Greetings, Gooners and Goonerettes alike! On the subject of the headline, a word of explanation for these who did not read my yesterday’s post: in the match preview I made a calculation where it was possible for ManIOU to win the league at our ground. I can’t quite remember where I got it wrong, pretty sure it had something to do with the number of games Chelsea had left to play, but since all those presumptions led to writing that funny paragraph about getting the stay of execution, I have just decided to add a little post scriptum to calm some nerves. Instead of taking it out altogether, I have opted for a little explanation with regards to why I preferred to keep it there. Someone said that once a good hypothesis is made and the facts won’t fit in, so much the worse it is for the facts. But hey, at least I am transparent about the small error I made and to be honest, it was not that much far off. It’s the LITTLE lapses that make us human and all that…
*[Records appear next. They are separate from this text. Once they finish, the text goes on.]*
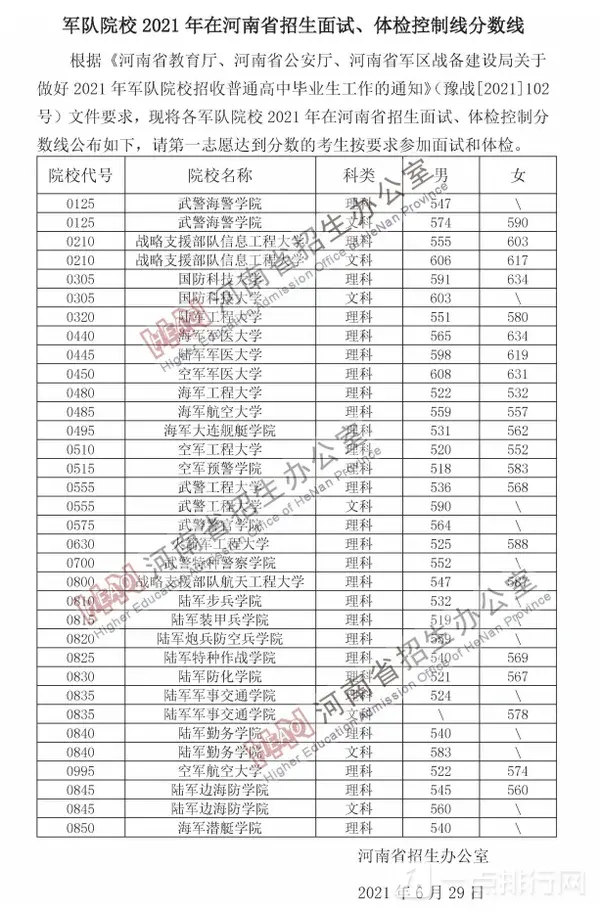 军校录取分数线2022最低 军校录取一般要多少分能上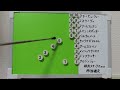 根岸ステークス2025枠順確定！前走快勝のフリームファクシ4枠8番！実績馬ドンフランキー1枠2番！タガノビューティー5枠10番！初ダートのバルサムノート3枠6番！強烈な末脚アルファマムは6枠11番！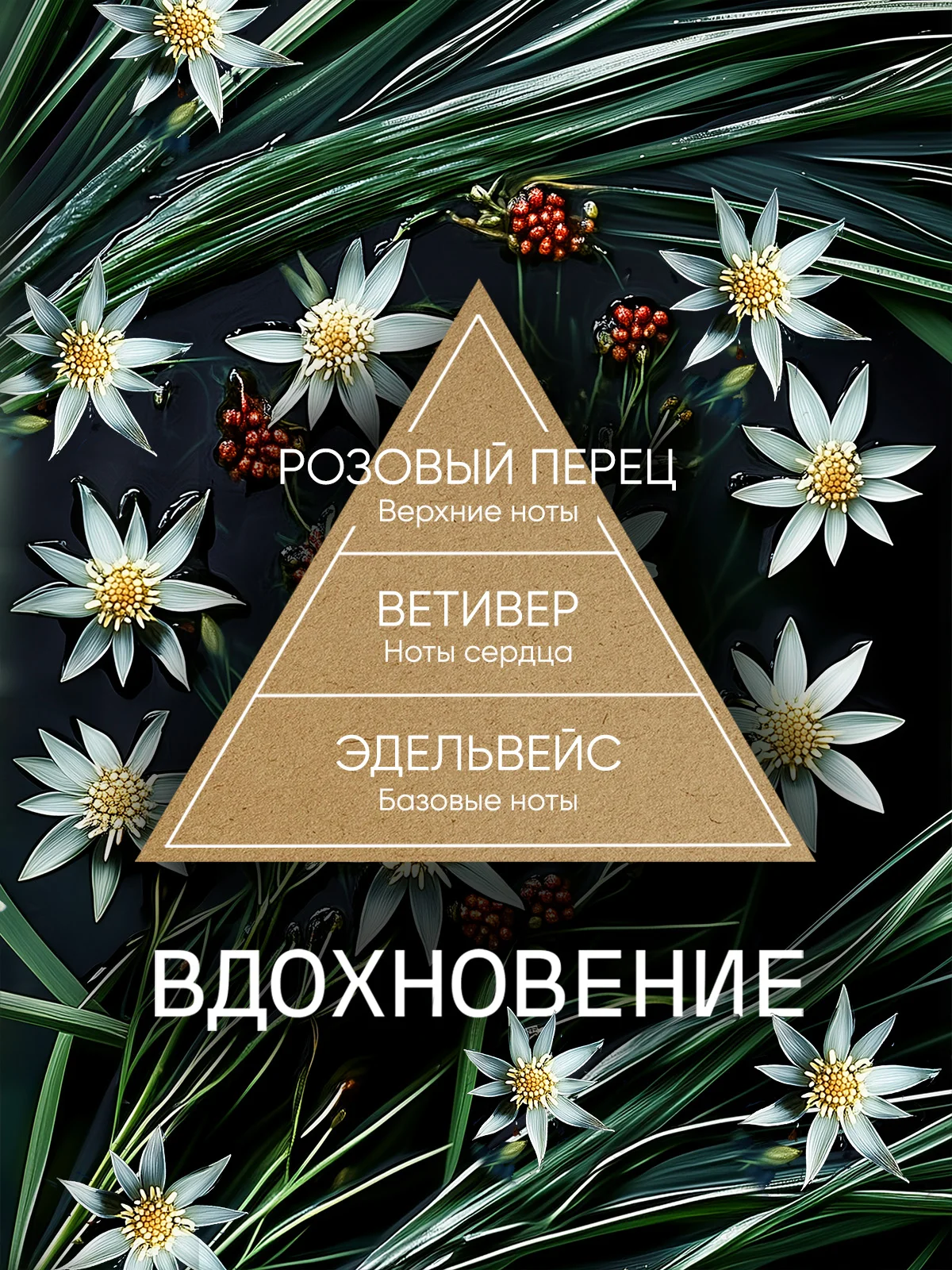 Диффузор для дома ароматизатор ароматический 70 мл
The title of today’s article is referring to the only reason why the darkest of scenarios is certain not to unfold before the very eyes of the fans gathered inside the ES on the May Day. Yes dear readers, this season just does not stop giving: we have been handed countless chances to catch up with the dire Mancs, but since we would just choke each and every time, there could be only one winner and that is Chelsea. And ironically, their gain is also ours, as if it was not for them being just six points off the pace, we would be running a serious risk of seeing a Yoonited player lifting the first ever Premiership trophy at the Ems in a week’s time if we were to fail to deny them a win. So, once again, thank you Chelsea for sparing us blushes as even this team can’t conspire to cock this up, save for some point deduction from your tally.
Please excuse this little bit of gallows humour as I am hurting as much as you are. Quite frankly, come to think of it, had the first ever title celebration at the shiny ‘new’ stadium not been such an important chapter in the club’s history, I would not mind seeing this travesty on the May Day a whole lot. Sure, we would have to endure ‘We won the league at Emirates’ for the foreseeable future, but hey, nothing less than earned, eh? Trust me, if I hear as much as one more word about bad luck from Our Glorious Leader’s mouth, I’ll just laugh. Because it’s all this nonsense deserves.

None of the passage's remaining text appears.